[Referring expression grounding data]
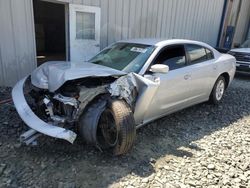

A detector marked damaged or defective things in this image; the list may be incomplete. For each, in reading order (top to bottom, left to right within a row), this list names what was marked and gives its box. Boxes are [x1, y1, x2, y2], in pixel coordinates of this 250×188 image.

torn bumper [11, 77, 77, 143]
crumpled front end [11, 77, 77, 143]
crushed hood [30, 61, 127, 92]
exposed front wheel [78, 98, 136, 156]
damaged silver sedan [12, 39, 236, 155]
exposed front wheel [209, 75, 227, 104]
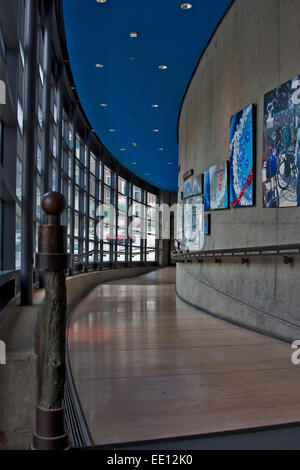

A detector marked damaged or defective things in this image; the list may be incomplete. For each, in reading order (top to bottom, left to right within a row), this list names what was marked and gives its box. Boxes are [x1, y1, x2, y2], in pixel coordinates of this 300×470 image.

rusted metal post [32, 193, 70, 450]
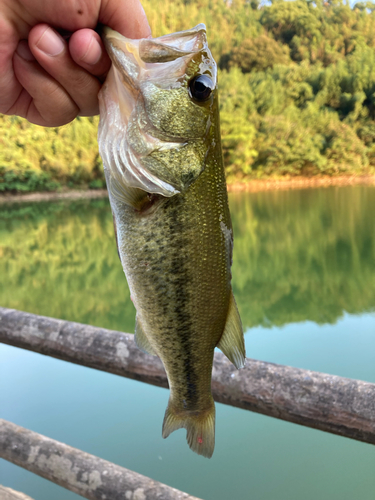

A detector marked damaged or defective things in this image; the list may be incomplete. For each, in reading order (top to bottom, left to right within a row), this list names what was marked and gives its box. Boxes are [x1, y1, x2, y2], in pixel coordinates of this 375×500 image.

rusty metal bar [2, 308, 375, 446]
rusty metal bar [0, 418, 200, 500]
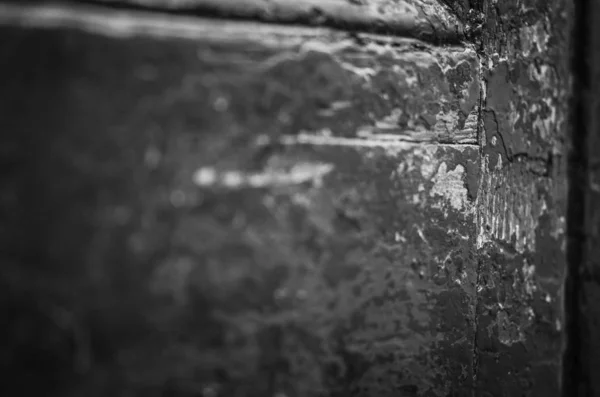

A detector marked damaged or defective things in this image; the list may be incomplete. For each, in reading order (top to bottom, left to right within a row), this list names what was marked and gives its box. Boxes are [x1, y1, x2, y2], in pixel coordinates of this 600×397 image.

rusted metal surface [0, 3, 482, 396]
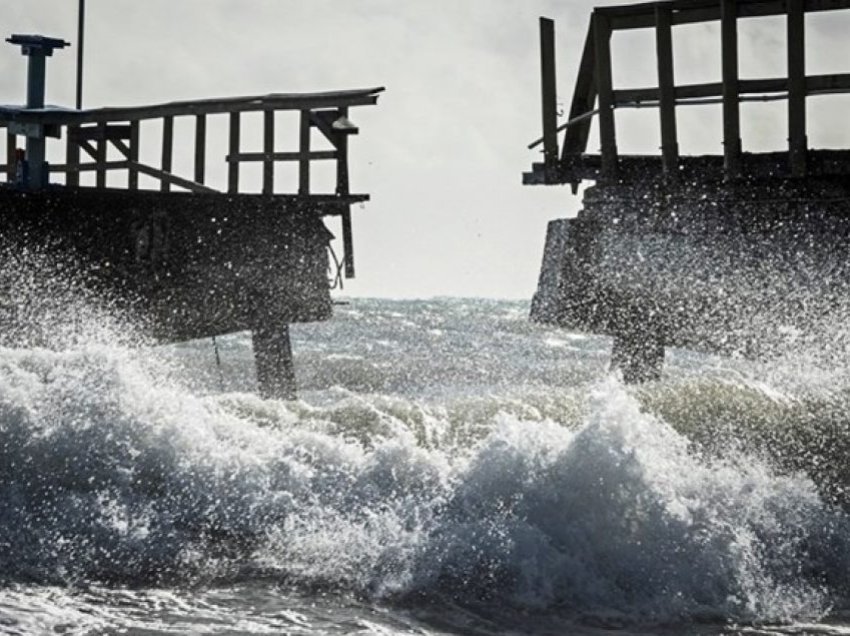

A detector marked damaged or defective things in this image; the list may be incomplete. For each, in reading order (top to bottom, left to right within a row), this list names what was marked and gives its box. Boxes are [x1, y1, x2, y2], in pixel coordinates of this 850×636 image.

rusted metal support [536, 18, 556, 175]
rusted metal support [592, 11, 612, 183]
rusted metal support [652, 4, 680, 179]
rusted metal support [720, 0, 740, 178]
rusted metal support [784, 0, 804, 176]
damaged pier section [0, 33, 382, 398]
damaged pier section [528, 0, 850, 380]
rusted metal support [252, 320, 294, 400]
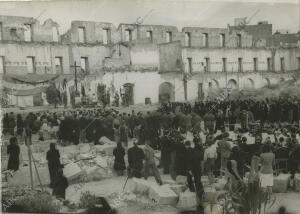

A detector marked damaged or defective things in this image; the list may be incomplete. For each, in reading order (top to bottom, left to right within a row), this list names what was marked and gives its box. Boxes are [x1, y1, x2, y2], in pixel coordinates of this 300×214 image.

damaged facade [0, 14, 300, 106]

▶ _Goal of the exercise_
I'd like every record printed exactly, with the pictures left out.

▶ _Response for this exercise_
A detector marked damaged or defective things in this image; the list may be incomplete. For each, in reading order (top to bottom, left to right within a row), this list names what was marked and gives its box. Boxes are [x1, y1, x2, y2], in pixel coordinates of this 250×188 image.

torn bumper [11, 77, 77, 143]
crumpled front end [11, 77, 77, 143]
crushed hood [30, 61, 127, 92]
exposed front wheel [78, 98, 136, 156]
damaged silver sedan [12, 39, 236, 155]
exposed front wheel [209, 75, 227, 104]

A detector marked damaged or defective things in this image; the list may be incomplete. For each, in reading order (top to bottom, left to right within a row), this list names what was marked and gives its box. Boxes are [x1, y1, x2, y2], in pixel coordinates of this 300×470 image.

rusted metal post [32, 193, 70, 450]

A detector marked damaged or defective things in this image; the list may be incomplete. For each, in reading order (top to bottom, left to right within a row), this list names what was marked and gives its box. Boxes are [x1, y1, x2, y2], in pixel coordinates of this 375×500 image.

rusty metal bar [2, 308, 375, 446]
rusty metal bar [0, 418, 200, 500]

A detector marked damaged or defective things in this image; the list may be incomplete. For each, in reading order (top to bottom, left to right within a row), this list names what was marked and gives its box. Boxes are [x1, y1, x2, y2], in pixel coordinates of this 600×397 image.

rusted metal surface [0, 3, 482, 396]

A detector marked damaged or defective things in this image; the list may be incomplete. For each, in reading order (top to bottom, left to right within a row), this list names what was marked and gives its box. Boxes are [x1, y1, x2, y2], in pixel coordinates of this 850×636 image.

rusted metal support [536, 18, 556, 175]
rusted metal support [592, 11, 612, 183]
rusted metal support [652, 4, 680, 179]
rusted metal support [720, 0, 740, 178]
rusted metal support [784, 0, 804, 176]
damaged pier section [0, 33, 382, 398]
damaged pier section [528, 0, 850, 380]
rusted metal support [252, 320, 294, 400]

A detector marked damaged or defective things in this image; the list may be incomplete. For each, in reading order (top to bottom, left to right within a row), this list names what was marked and gives its box. Boxes are [x1, y1, x2, y2], in pixel coordinates of this 300×214 image.

damaged facade [0, 14, 300, 106]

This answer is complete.